**Record set**
=== Section Start ===

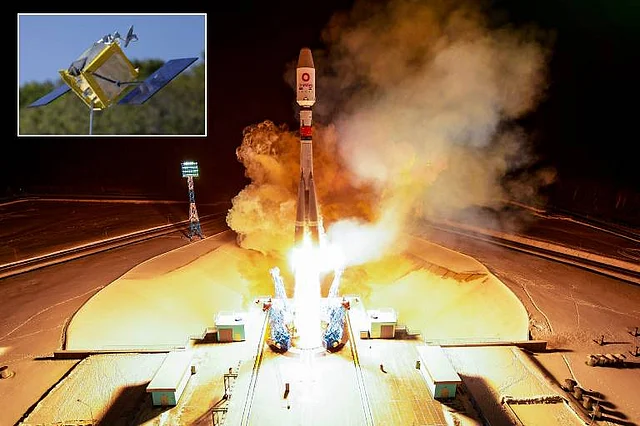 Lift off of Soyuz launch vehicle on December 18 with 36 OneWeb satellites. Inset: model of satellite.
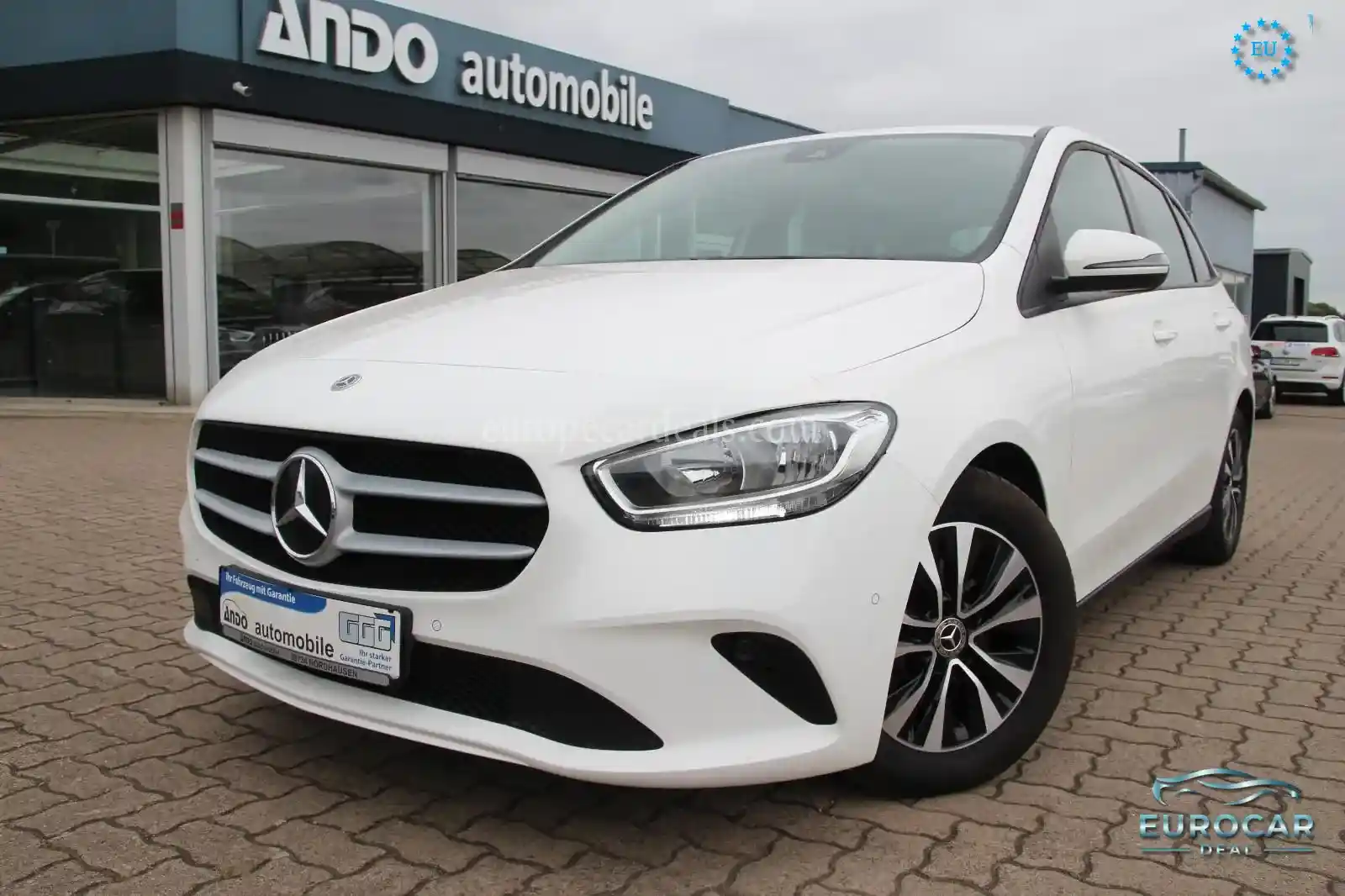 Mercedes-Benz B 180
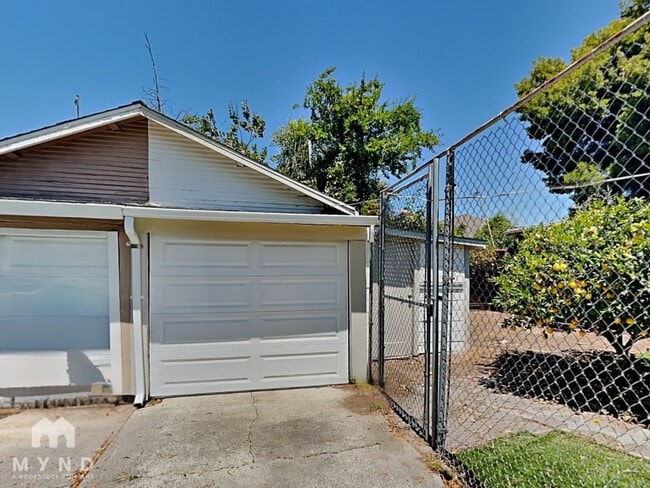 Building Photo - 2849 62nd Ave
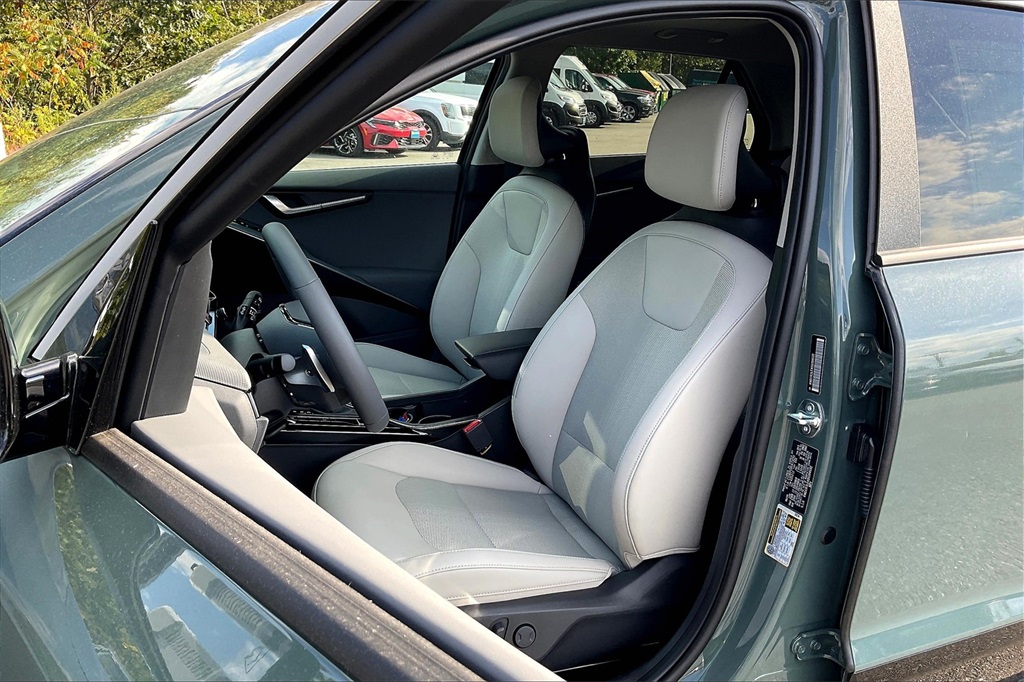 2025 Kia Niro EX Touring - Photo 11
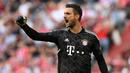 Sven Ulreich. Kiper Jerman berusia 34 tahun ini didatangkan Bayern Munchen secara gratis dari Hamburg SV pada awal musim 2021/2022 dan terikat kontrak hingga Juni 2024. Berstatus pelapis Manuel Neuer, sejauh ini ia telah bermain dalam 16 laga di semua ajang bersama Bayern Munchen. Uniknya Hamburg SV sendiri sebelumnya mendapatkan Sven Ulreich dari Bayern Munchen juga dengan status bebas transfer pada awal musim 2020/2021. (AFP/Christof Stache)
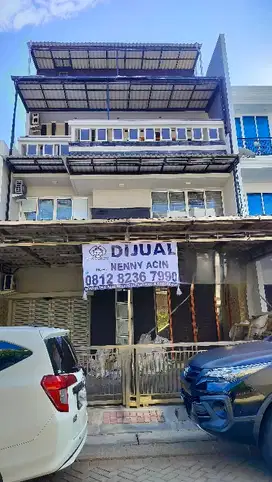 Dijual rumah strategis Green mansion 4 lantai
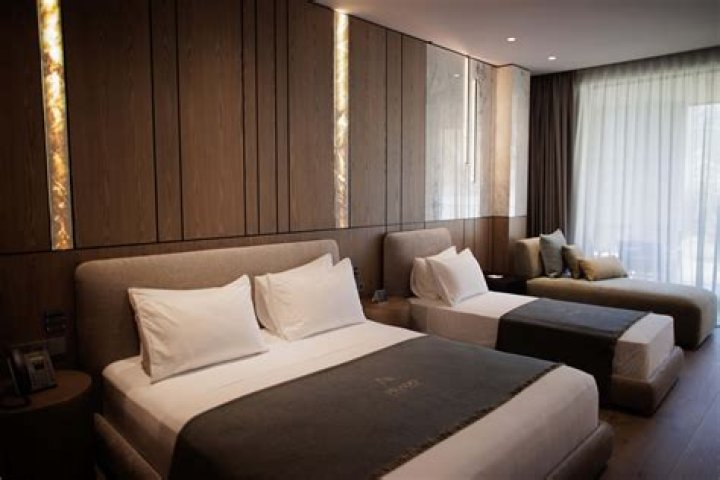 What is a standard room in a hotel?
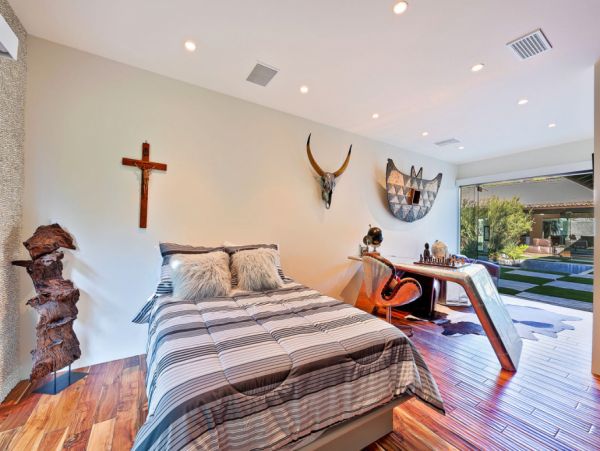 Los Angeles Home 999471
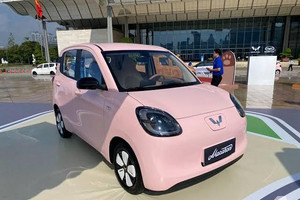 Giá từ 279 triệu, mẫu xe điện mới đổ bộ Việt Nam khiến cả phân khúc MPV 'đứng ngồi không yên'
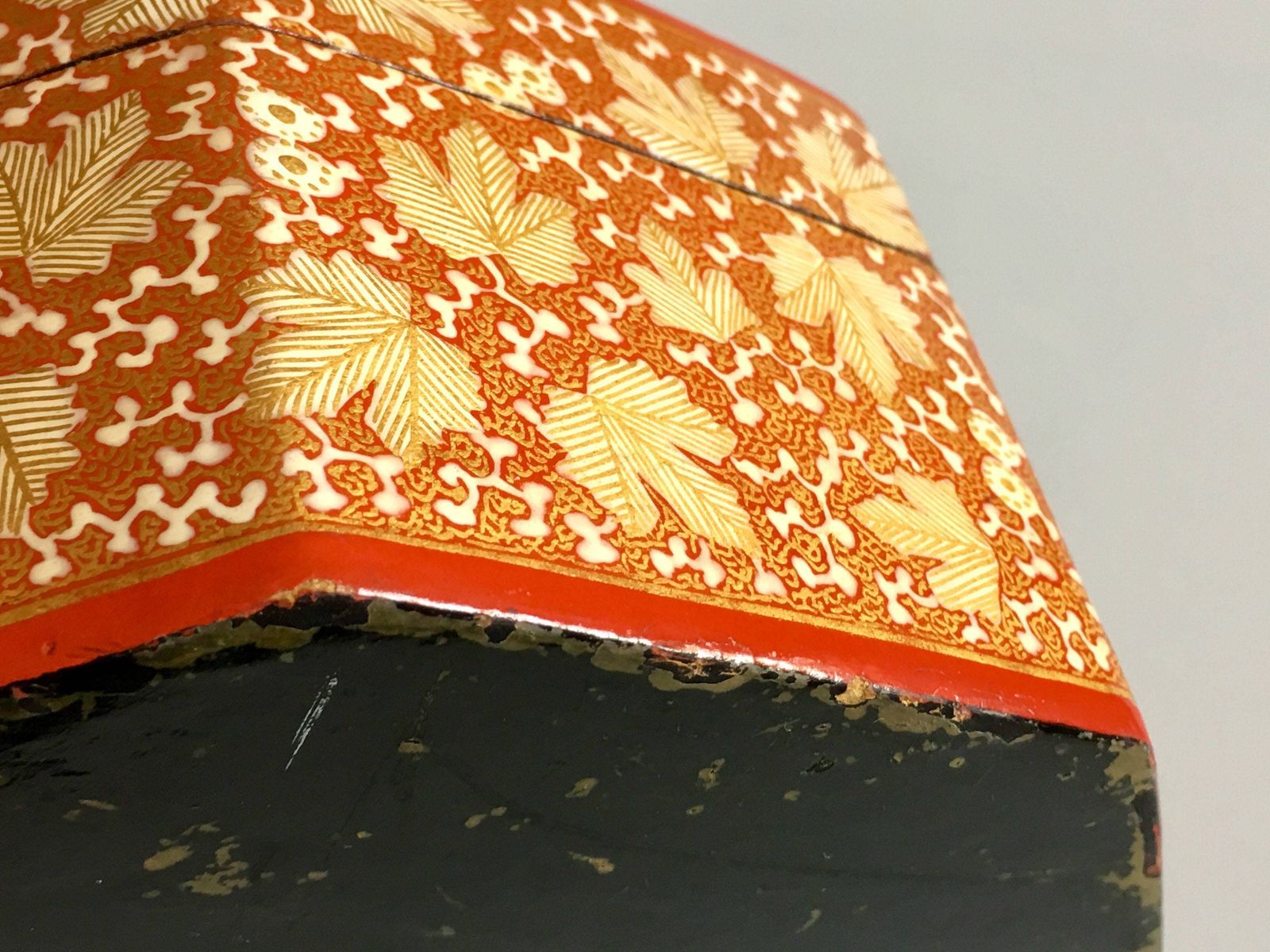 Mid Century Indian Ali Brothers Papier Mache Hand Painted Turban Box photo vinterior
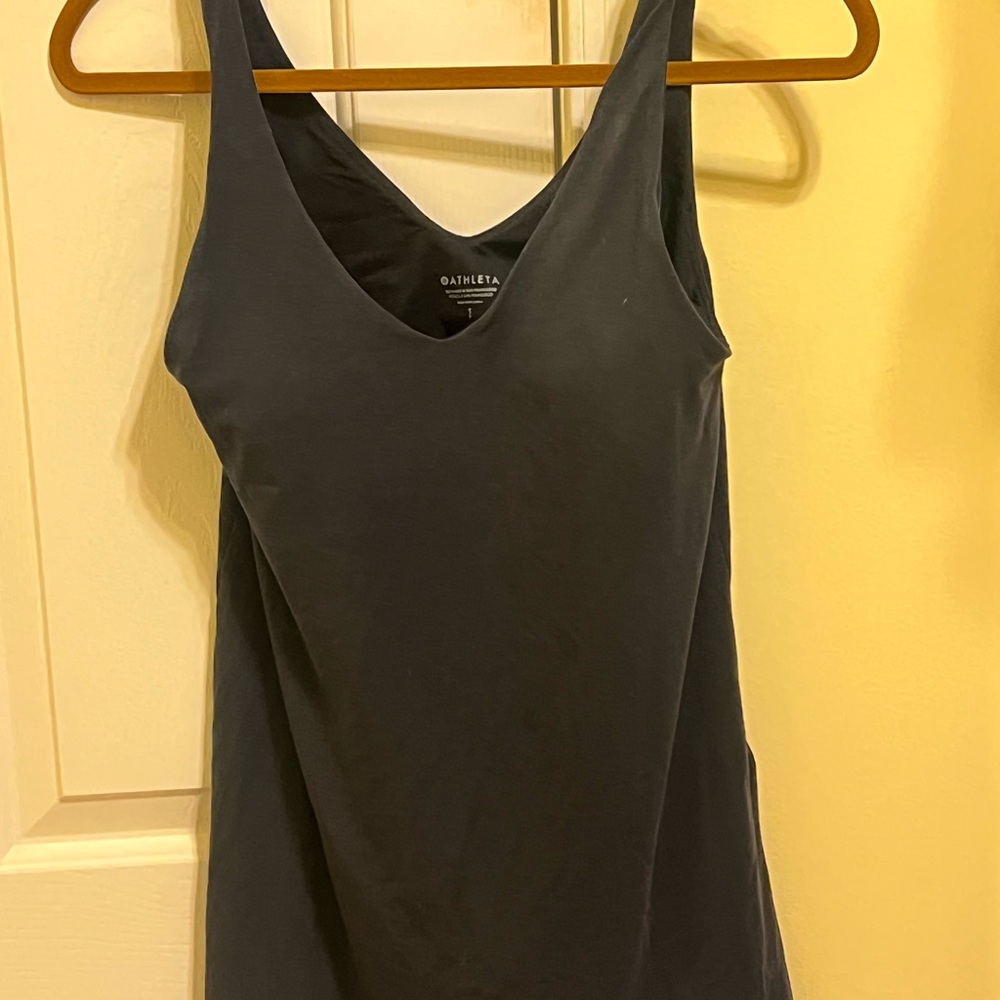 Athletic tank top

=== Section End ===

**Task to complete**
Repeat the listing verbatim, pictures excluded.

**Answer area**
 Lift off of Soyuz launch vehicle on December 18 with 36 OneWeb satellites. Inset: model of satellite.
 Mercedes-Benz B 180
 Building Photo - 2849 62nd Ave
 2025 Kia Niro EX Touring - Photo 11
 Sven Ulreich. Kiper Jerman berusia 34 tahun ini didatangkan Bayern Munchen secara gratis dari Hamburg SV pada awal musim 2021/2022 dan terikat kontrak hingga Juni 2024. Berstatus pelapis Manuel Neuer, sejauh ini ia telah bermain dalam 16 laga di semua ajang bersama Bayern Munchen. Uniknya Hamburg SV sendiri sebelumnya mendapatkan Sven Ulreich dari Bayern Munchen juga dengan status bebas transfer pada awal musim 2020/2021. (AFP/Christof Stache)
 Dijual rumah strategis Green mansion 4 lantai
 What is a standard room in a hotel?
 Los Angeles Home 999471
 Giá từ 279 triệu, mẫu xe điện mới đổ bộ Việt Nam khiến cả phân khúc MPV 'đứng ngồi không yên'
 Mid Century Indian Ali Brothers Papier Mache Hand Painted Turban Box photo vinterior
 Athletic tank top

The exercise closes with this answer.